EXERCISE DESCRIPTION >> If a line below contains the string "Room", copy it out.

DATASET RECORDS >>
BEGIN

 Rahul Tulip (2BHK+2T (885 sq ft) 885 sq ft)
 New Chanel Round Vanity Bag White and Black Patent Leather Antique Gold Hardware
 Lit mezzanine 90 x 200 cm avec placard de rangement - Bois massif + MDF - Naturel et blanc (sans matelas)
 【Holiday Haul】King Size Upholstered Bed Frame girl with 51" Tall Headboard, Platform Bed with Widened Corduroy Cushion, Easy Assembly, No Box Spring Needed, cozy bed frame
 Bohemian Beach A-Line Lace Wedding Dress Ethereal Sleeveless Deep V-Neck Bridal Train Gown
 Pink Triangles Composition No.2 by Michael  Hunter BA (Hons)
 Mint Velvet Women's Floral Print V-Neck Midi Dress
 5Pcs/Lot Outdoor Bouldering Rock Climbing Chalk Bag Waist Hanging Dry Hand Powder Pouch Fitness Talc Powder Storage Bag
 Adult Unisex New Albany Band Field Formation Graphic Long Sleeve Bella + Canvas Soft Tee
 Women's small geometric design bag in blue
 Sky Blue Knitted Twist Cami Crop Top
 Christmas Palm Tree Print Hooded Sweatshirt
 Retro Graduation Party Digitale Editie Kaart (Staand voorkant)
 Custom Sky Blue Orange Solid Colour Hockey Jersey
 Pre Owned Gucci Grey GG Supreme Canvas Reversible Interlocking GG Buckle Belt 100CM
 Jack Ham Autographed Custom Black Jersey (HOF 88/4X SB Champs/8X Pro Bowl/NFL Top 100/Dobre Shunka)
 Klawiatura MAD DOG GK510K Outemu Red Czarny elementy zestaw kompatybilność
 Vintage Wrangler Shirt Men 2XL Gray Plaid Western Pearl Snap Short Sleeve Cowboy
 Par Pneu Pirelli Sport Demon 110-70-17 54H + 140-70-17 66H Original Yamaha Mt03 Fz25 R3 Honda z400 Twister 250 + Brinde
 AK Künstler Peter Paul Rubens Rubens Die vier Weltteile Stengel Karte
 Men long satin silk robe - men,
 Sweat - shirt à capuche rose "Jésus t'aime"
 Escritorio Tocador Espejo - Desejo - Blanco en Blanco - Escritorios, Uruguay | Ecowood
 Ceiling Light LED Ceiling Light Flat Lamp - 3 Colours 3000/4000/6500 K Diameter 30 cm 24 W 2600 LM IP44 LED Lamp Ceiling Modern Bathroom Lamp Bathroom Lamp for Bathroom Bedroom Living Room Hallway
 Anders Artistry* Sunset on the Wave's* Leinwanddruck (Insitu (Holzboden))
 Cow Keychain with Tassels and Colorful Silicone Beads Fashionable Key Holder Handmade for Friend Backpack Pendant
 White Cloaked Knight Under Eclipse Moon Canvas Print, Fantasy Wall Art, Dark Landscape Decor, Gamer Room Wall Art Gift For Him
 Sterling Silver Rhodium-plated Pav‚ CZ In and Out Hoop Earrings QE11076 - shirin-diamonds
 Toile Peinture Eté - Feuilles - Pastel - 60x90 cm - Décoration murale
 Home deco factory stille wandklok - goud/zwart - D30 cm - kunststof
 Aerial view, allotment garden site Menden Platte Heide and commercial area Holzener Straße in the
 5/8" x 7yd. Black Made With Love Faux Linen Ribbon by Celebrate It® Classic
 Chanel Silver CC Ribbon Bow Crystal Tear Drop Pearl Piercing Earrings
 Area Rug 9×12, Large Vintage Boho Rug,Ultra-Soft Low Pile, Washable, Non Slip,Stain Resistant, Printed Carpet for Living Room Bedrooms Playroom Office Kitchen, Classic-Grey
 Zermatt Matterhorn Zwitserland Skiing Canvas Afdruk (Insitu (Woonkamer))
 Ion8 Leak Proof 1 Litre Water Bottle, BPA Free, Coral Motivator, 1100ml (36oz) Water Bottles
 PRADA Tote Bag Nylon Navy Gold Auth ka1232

END

RESPONSE AREA >>
 Ceiling Light LED Ceiling Light Flat Lamp - 3 Colours 3000/4000/6500 K Diameter 30 cm 24 W 2600 LM IP44 LED Lamp Ceiling Modern Bathroom Lamp Bathroom Lamp for Bathroom Bedroom Living Room Hallway
 White Cloaked Knight Under Eclipse Moon Canvas Print, Fantasy Wall Art, Dark Landscape Decor, Gamer Room Wall Art Gift For Him
 Area Rug 9×12, Large Vintage Boho Rug,Ultra-Soft Low Pile, Washable, Non Slip,Stain Resistant, Printed Carpet for Living Room Bedrooms Playroom Office Kitchen, Classic-Grey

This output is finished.